Friday, March 4, 2016

The latest research from DRAMeXchange, a division of TrendForce, reports quarterly decline in the average contract price of mainstream PC-Client OEM SSDs in the first quarter of 2016. By architecture, MLC-based SSDs and TLC-based SSDs respectively suffered price declines of 10~12% and 7~12%. The contract prices of TLC-based SSDs did not fall as much as MLC-based counterparts because most SSD manufacturers are just starting to ship their TLC products (Samsung being the exception). The first quarter is the traditional slow season for notebooks and has the fewer working days compared with other periods. Hence, PC OEMs have reduced their purchases, resulting in a sharp drop in stock up demand. At the same time, NAND Flash memory suppliers are being pressured to keep cutting their prices as they experience a large increase in the industry’s overall capacity.

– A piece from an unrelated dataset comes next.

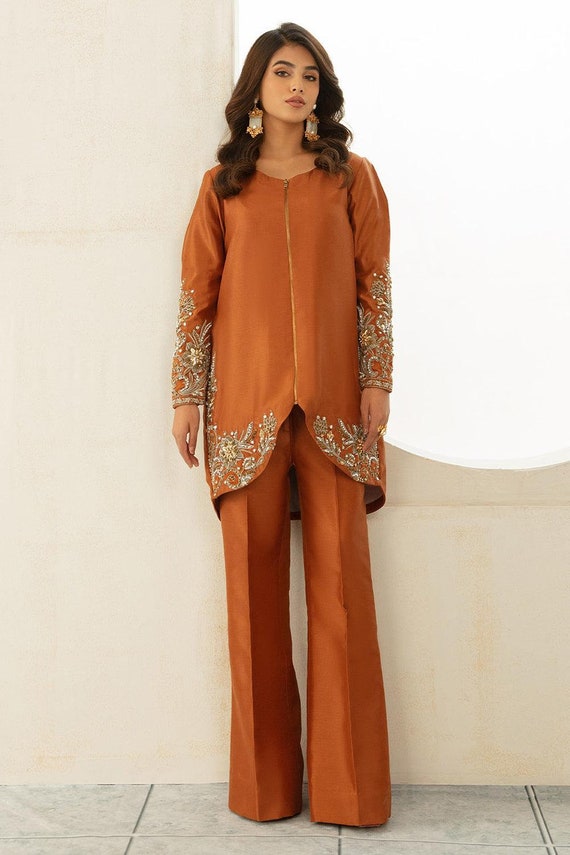 Orange Satin Silk Embroidered Jacket Set | Silk Two-Piece Outfit with Flared Pants | Formal Pakistani Wear | Pakistani Party Wear Jacket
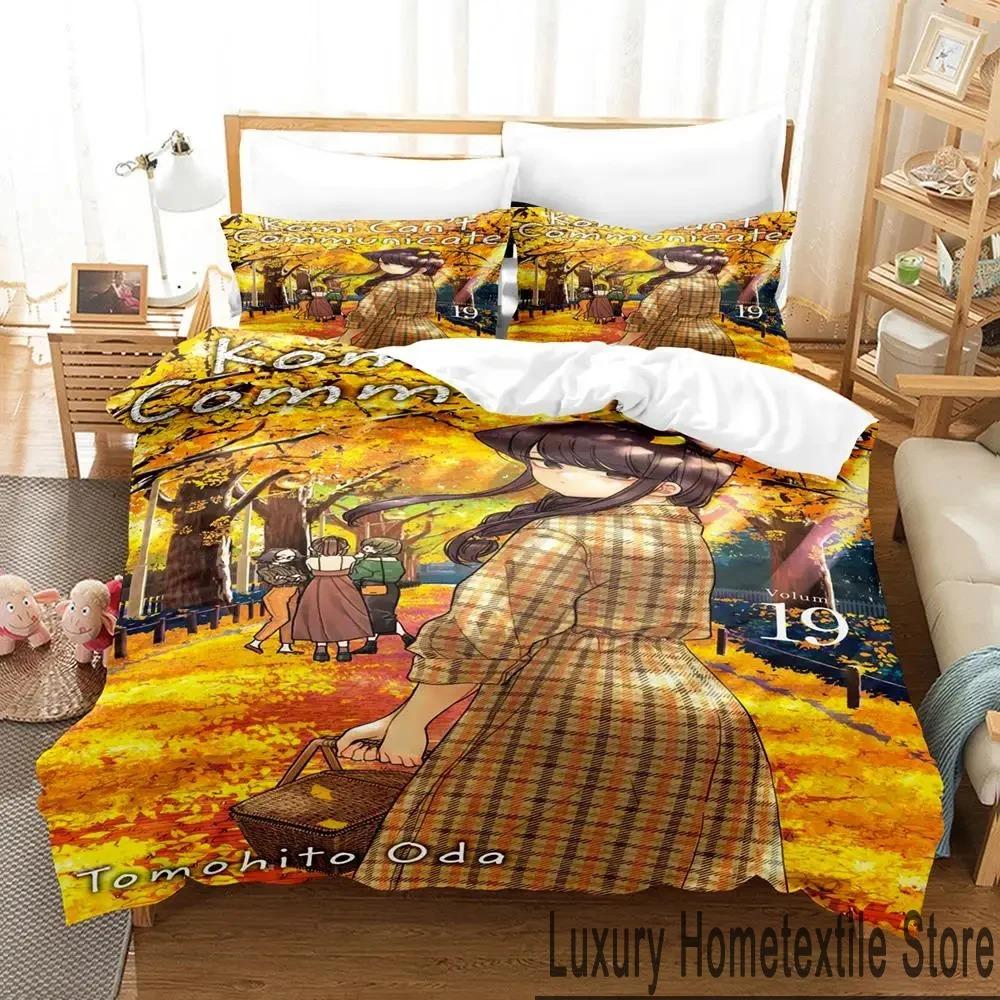 3D Print Anime Komi Cant Communicate Bedding Set Double Twin King Duvet Cover Comforter Pillowcase Boys Girls Adults Bedroom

Based on DRAMeXchange’s analysis, the price difference between 128GB SSDs and 500GB HDDs will shrink to less than US$3 in 2016. The price difference between 256GB SSDs and 1TB HDDs is also expected to be less than US$7 before the end of the year. While SSDs are becoming more attractive due to their rising cost-performance ratios, this year’s notebook shipments are also projected to see much smaller declines compared with last year. On the whole, DRAMeXchange believes this year’s SSD adoption rate in the notebook market will exceed 30%.

Samsung will continue to dominate the market this year on account of the price advantage that it has with TLC-based SSDs using 3D-NAND Flash. However, Samsung will not promote its DRAM-less SSDs as aggressively as before. Instead, the South Korean manufacturer will focus on migrating to 3D NAND-Flash production to reduce costs. Other SSDs makers – SanDisk, Liteon, Toshiba and SK Hynix – will try to catch up to Samsung by stepping up shipments of 15nm/16nm TLC products that offer higher margins. Currently, only Samsung are mass producing SSDs with 3D-NAND Flash. Competing brands will not ship their first-generation SSD products using 3D-NAND Flash until the second half of 2016 at the earliest.

DRAMeXchange estimates that the total first-quarter shipments of Client-SSDs will fall by 4~6% compared with the prior quarter. On the other hand, the decline of notebook shipments is much steeper than OEM SSD shipments. The result is that a larger percentage of notebooks that are shipped in the first quarter will be carrying SSDs. Hence, the SSD adoption rate in the worldwide notebook market will not fall but rise to 30~31%.

SSD shipments rose in the fourth quarter of 2015 as Chinese manufacturers attempt to expand their market shares

DRAMeXchange Senior Manager Alan Chen said that in the fourth quarter of last year, the severity of global economic slowdown disrupted the seasonal pattern of notebook sales. Consequently total ODM notebook shipments fell by 1% to 42.6 million units. Though NAND Flash memory suppliers took a more conservative approach to their sales during the same period, most Chinese SSD makers expanded their product shipments to capture market share. The tussle between the two forces resulted in 4~5% quarterly growth in SSD shipments in the worldwide retail market. The SSD adoption rate in the notebook market in the fourth quarter was about 25~26%. Taking retail SSD sales into account, the total Client-SSD shipments for the fourth quarter of 2015 reached 22.6 million units.